Publishers Weekly - Publisher's Weekly
PW gave a starred review to this NBA nominee, the "spellbinding" history of an Atlanta synagogue and its congregation's place in the civil rights movement. (May)
Library Journal
The 1958 bombing of the Reform Jewish Temple in Atlanta had implications that echoed through history and are keenly relevant for today's seemingly renewed climate of intolerance and hate. The temple was a target because its rabbi, Jacob Rothschild, was one of a few white leaders who took a stand after Brown v. Board of Education and spoke of the moral necessity of admitting blacks as full and equal citizens. Rothschild established a bond with black leaders, such as Martin Luther King Jr., and always reminded his congregation to take up the cause of justice. This recording explores the times that produced the bombings in the South and looks at the lives and minds of the men most likely responsible for the temple bombing. Reader Charles Cioffi is easy on the ear for long stretches. Everything about the production, including the music that marks each chapter ending, is well chosen. The text will remind older listeners of and introduce younger ones to an important time in our nation's history, all the while pointing out that terrorism and hate are not fundamentally new to the American scene. A recommended purchase for all serious audio collections.Nancy Paul, Brandon P.L., Wis.
Salon
The journalist Melissa Faye Greene, author of 1991's acclaimed Praying for Sheetrock, returns here with a remarkable account of what has become, for many, a forgotten incident: the 1958 bombing of Atlanta's Reform Jewish Temple. Greene skillfully weaves together three stories in The Temple Bombing. First, and perhaps most notably, she places the bombing firmly within the context of civil rights history. But her book is also an informed study of Southern Jews in the mid-20th century, as well as an inspirational tale of the temple's heroic rabbi, Jacob Rothschild, who dedicated himself to the civil rights movement and urged his congregation to follow his lead.

The Temple Bombing relies heavily upon Greene's interviews and oral histories, as well as her extensive research, which she unites in a lucid, propulsive narrative. The 1950s and '60s in the Deep South were an intensely troubled and violent time; lives were placed on the line in confrontations all over the region, and Southern Jews were no exception. "Across Dixie, some of the fights over racial prominence involved not only white against black and black against white, but Christian-born white against Jew," Greene testifies. "Ten percent of the bombs from 1954 to 1959 were cast at Jewish targets -- synagogues, rabbis' houses, and community centers."
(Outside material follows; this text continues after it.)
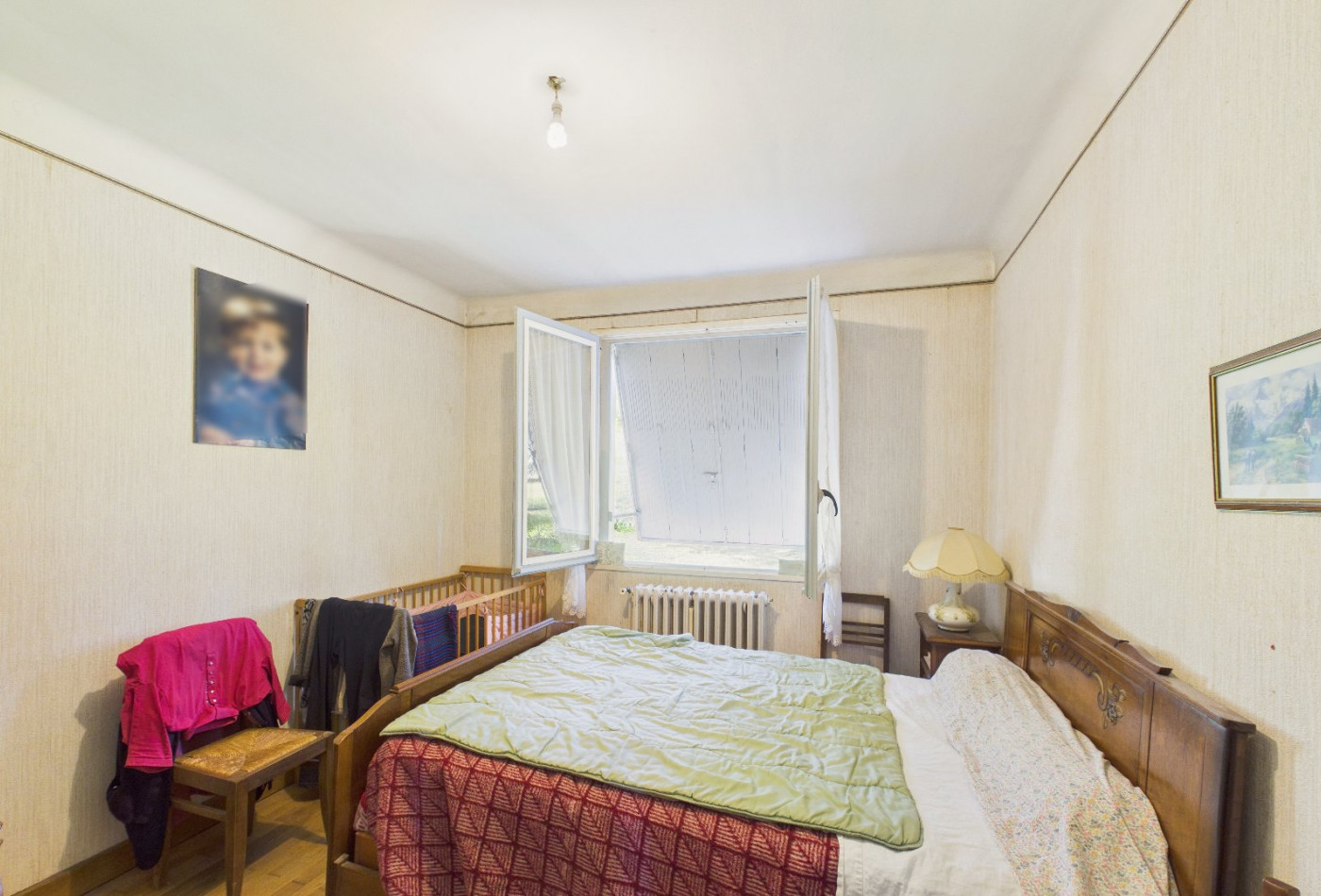 vente Maison Cajarc - Photo 8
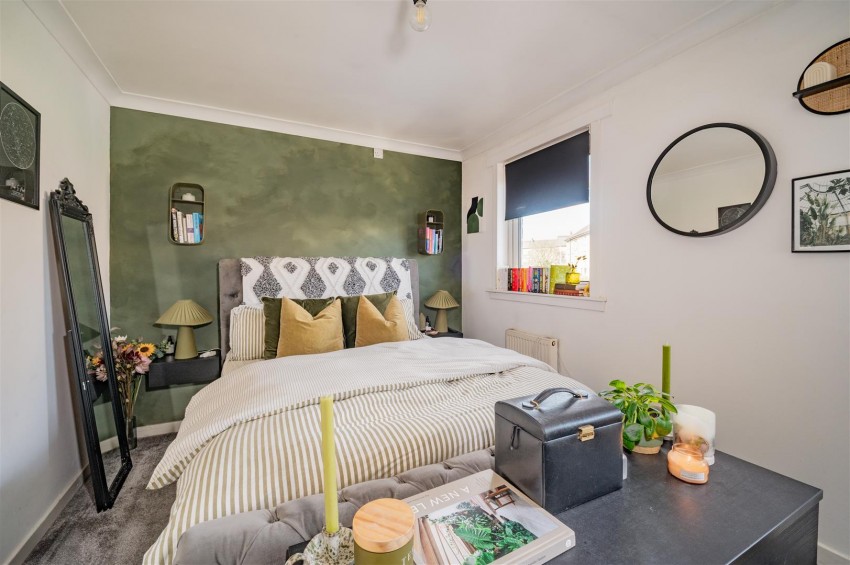 Images for Huntly Road, Dundee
In this light, she interprets the bombing of the temple as not only a violent demonstration of anti-Semitism, but as one act in a regional campaign of terror against civil rights targets. No one was ever convicted of the bombing. Despite her best efforts and access to extensive documents relating to the investigation and two trials -- which ended in a mistrial and an acquittal -- Greene does not succeed in solving the crime (although she does put forward one possible scenario).

While the story of the bombing and the subsequent courtroom dramas are told with acerbity and wit, the true merit of this book lies in Greene's ability to create a profound social context for her story and in her compelling portrait of its hero, Rabbi Jacob Rothschild. Despite the discomfort of many in his congregation, Rabbi Rothschild used his pulpit and his position to speak out vehemently for racial equality. "Stories of integrity and courage ought to be rescued," Greene writes, in the conclusion of this vibrant social history, in which she celebrates the interracial and interreligious cooperation that helped to shape the successes of Atlanta's civil rights movement. -- Anne Whitehouse

Kirkus Reviews
An urgent, fiery reconstruction of a tragic moment in the history of Atlanta, a moment when the combustible mix of black oppression, Jewish liberalism, and white anxiety finally blew up in an otherwise peaceful city.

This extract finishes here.